And resilience is certainly something keynote speaker Henry Fraser has in spades.

Henry was 17 years old and a promising rugby player, when a tragic accident crushed his spinal cord, rendering him paralyzed from the shoulders down.

His talk, aptly titled “Pushing Myself”, recounted his subsequent battle to “accept and adapt” to his new life. It’s a story of one man’s superhuman resilience, determination and strength of character as he pushes himself forward to meet the challenge of what’s in front of him.

Henry describes himself as an optimist. “Facing challenges in life is inevitable, but being defeated is optional,” he said. “Be grateful for the little things in life…it’s so easy to take each day for granted. Get the voice in your head to always talk about the things you can do, not the things you can’t do.”

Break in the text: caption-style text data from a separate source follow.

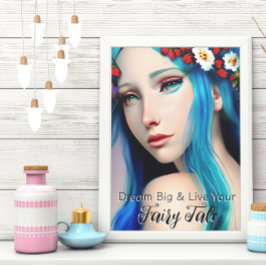 Söt Enchanted Girl with Flowers | Mjölkål Poster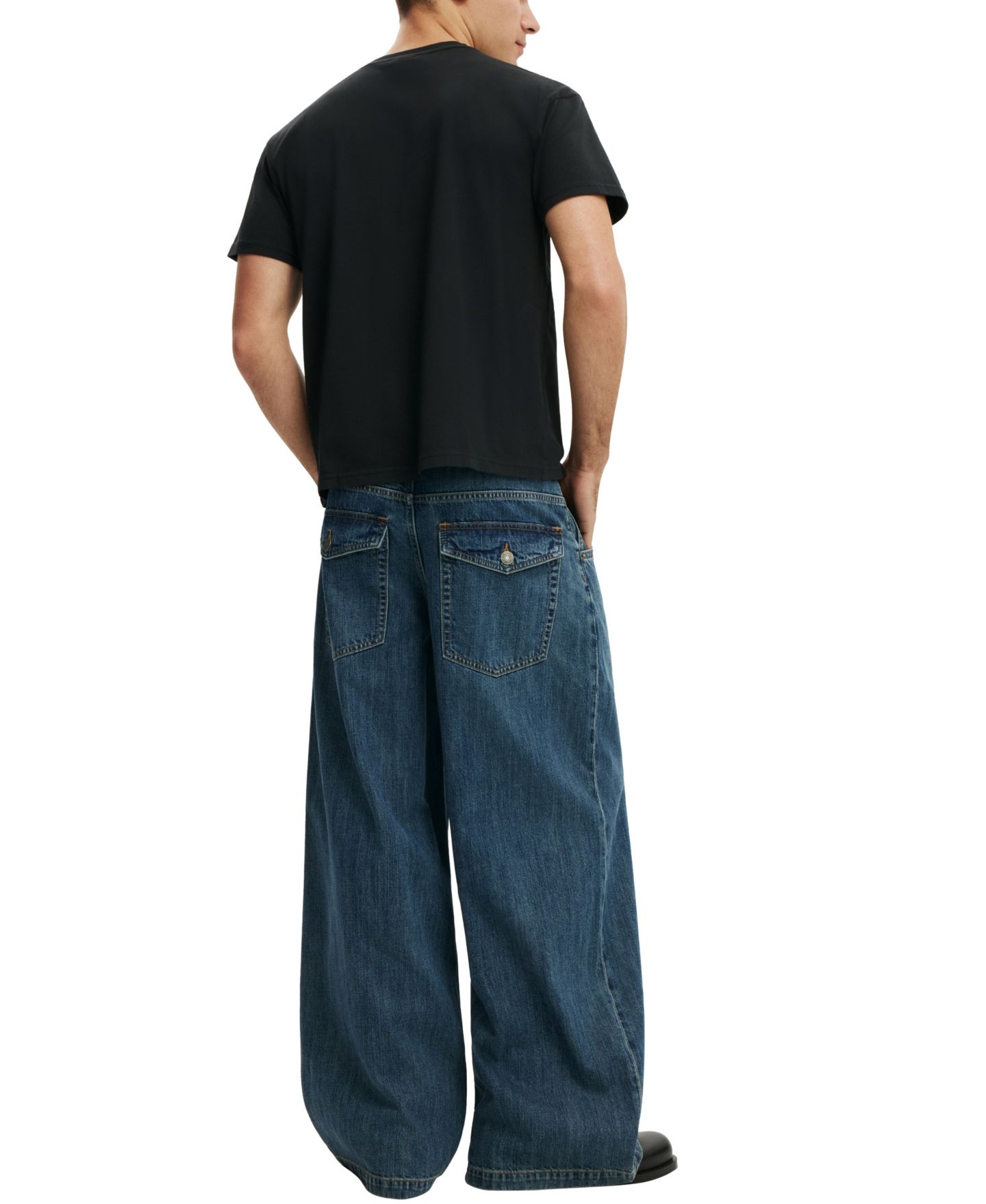Мужские джинсы COTTON ON Y2K Wide-Leg Baggy, цвет: Угольный синий — фото 6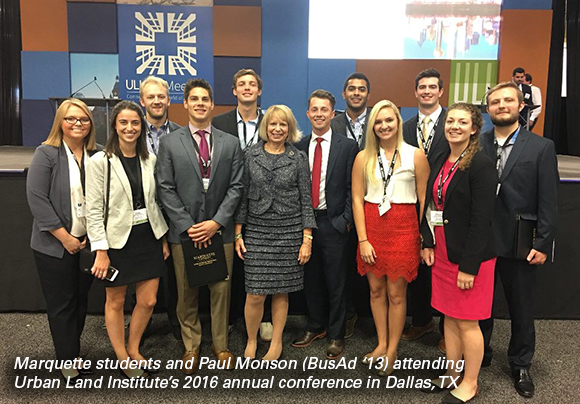 Marquette students and alumnus Paul Monson attending Urban Land Institute 2016 conference
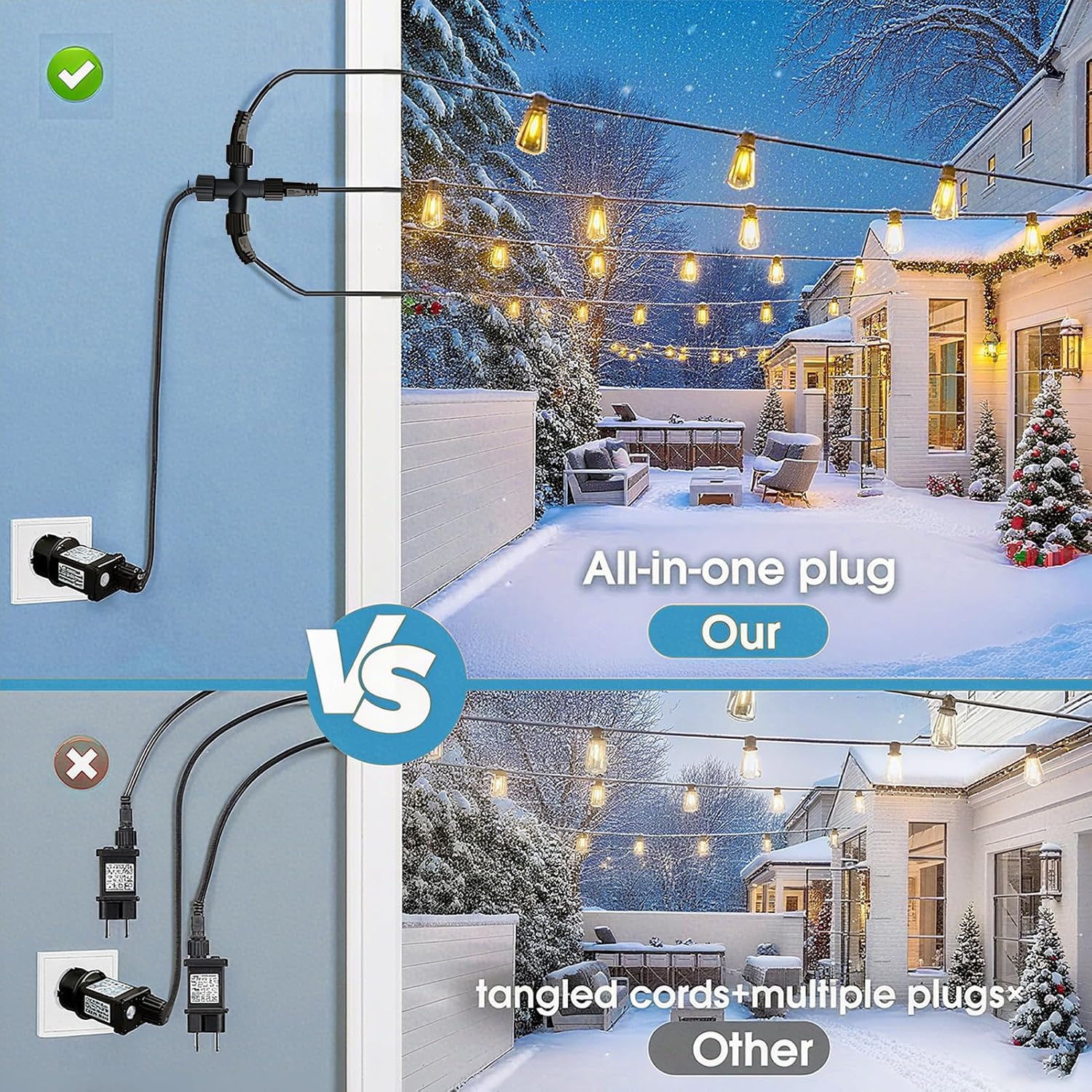 Thumbnail 1 de Joycome 2 Pack 1-to-3 Christmas light splitter 🎄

Henry now has a successful career as a public speaker, artist and author. His book, “The Little Big Things”, was adapted into a musical in London’s West End, with rave reviews.

“It’s the striving that makes life meaningful,” he said, “the greater the challenge, the more alive you feel.”

The power of feeling gratitude was also significant to the second speaker of the day.

Lieutenant Commander Kim Poirrier of the Royal Canadian Navy was just eight years old in 1979, when she endured a treacherous journey to escape the horrors of communist Vietnam, eventually settling in Canada.

During her talk, “Finding Your Inner Harmony”, she described how she was bullied at school as she struggled to fit into her new home.

This armed her with a competitive spirit, a determination to overcome adversity, and drove her on to succeed.

Later, going against her parents’ cultural expectations that she would simply “marry well”, she fought hard for gender equality and joined the Canadian Armed Forces, enjoying a rewarding 30-year military career. Describing her struggle to overcome gender inequality throughout her career, she used perseverance to overcome the challenges she faced.

Lt Cdr Porrier suffered more tragedy when her husband of 28 years died suddenly of a catastrophic stroke.

“What gives me strength?”, she said. “My children, my love for my husband, and the fact I choose to live for both of us. I need to get up, even though all I want to do is lie down. The military is also a source of strength. It empowers me that I’m an officer in the Canadian Armed Forces, and I have a job to do.”

She accepts life is both “beautiful and hard”, with loss being an inevitable part. The power of perspective, and an “attitude of gratitude” have helped her survive her grief, and she describes each day as a gift.

Commander MARCOM Vice Admiral Mike Utley thanked the speakers for their time.

“Acceptance, adaptability, compassion, respect, patience – these are all words we pride ourselves on within the military,” he said. “And the ability to admit your own weaknesses, so you can accept the strength of other people. That sort of humility is something I think we all strive for.”